START Input for this task

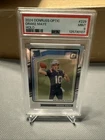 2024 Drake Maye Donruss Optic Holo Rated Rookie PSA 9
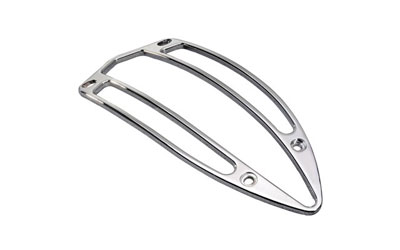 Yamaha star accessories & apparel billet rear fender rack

END Input for this task
START Input for this task

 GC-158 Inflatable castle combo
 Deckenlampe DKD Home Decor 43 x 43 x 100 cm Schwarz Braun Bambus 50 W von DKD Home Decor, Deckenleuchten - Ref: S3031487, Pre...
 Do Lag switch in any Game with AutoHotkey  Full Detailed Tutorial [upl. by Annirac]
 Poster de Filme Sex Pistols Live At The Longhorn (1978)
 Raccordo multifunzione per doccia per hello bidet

END Input for this task

◆ **Work order**:
Here the job is to copy the stretch of records from the line containing "2024 Drake Maye" through the line containing "Yamaha star accessories", word for word. Leave every picture out.

◆ **Completed task**:
 2024 Drake Maye Donruss Optic Holo Rated Rookie PSA 9
 Yamaha star accessories & apparel billet rear fender rack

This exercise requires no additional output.